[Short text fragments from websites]

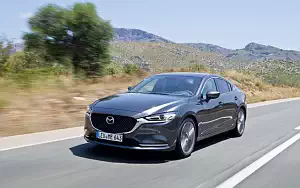 Cars wallpapers Mazda 6 - 2018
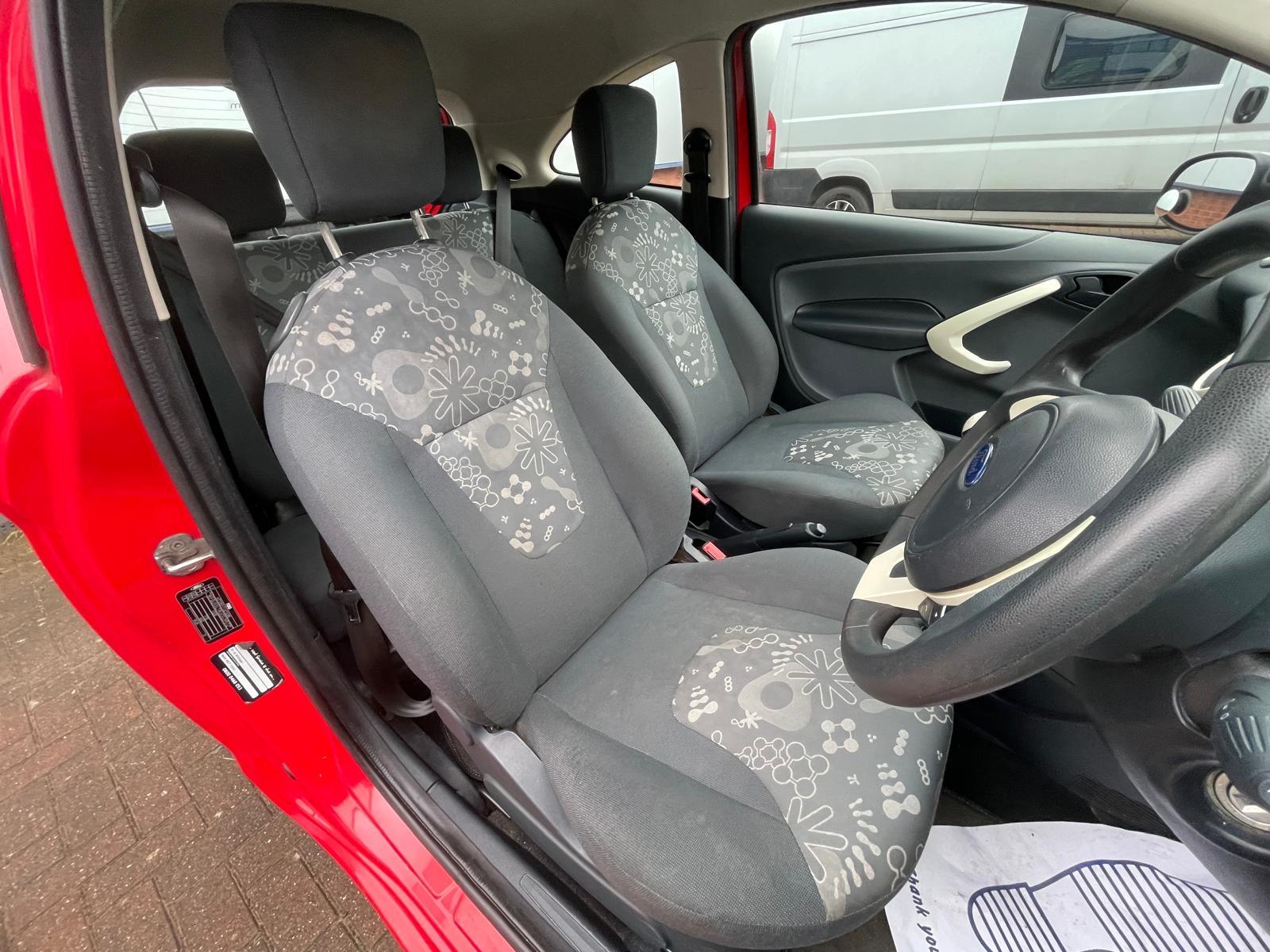 Ford Ka 1.2 Studio Hatchback 3dr Petrol Manual Euro 5 (s/s) (69 ps)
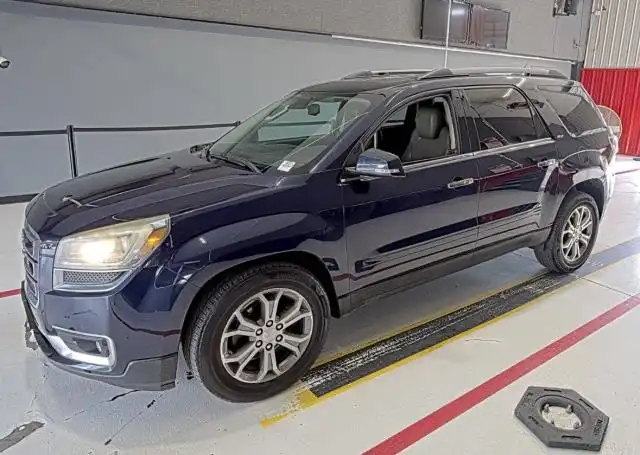 2016 GMC Acadia AWD SLT-1's photo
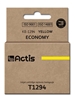 Picture of Actis KE-1294 ink (replacement for Epson T1294; Standard; 15 ml; yellow)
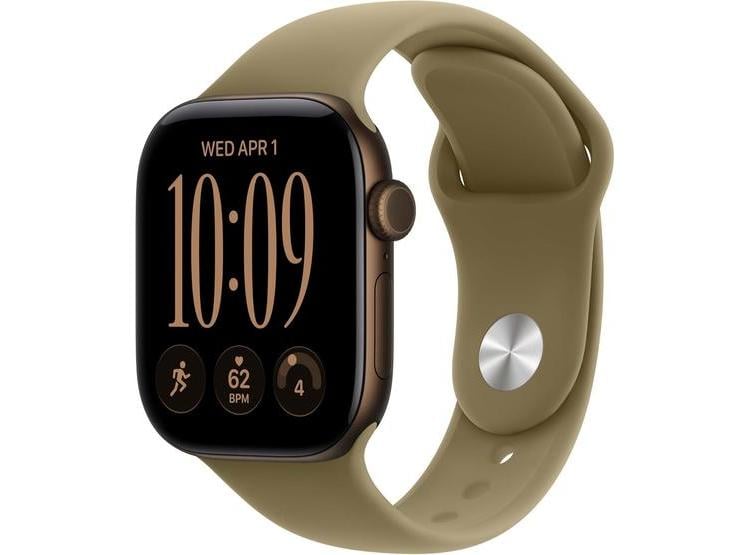 APPLE WATCH SERIES 12 GPS + CELLULAR 42MM SMARTWATCH - 1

- **Problem statement**:
Starting at the line that contains "Ford Ka 1.2", please write out every line to the end of the entries, inclusive, copied exactly and with pictures omitted.

- **Task output**:
 Ford Ka 1.2 Studio Hatchback 3dr Petrol Manual Euro 5 (s/s) (69 ps)
 2016 GMC Acadia AWD SLT-1's photo
 Picture of Actis KE-1294 ink (replacement for Epson T1294; Standard; 15 ml; yellow)
 APPLE WATCH SERIES 12 GPS + CELLULAR 42MM SMARTWATCH - 1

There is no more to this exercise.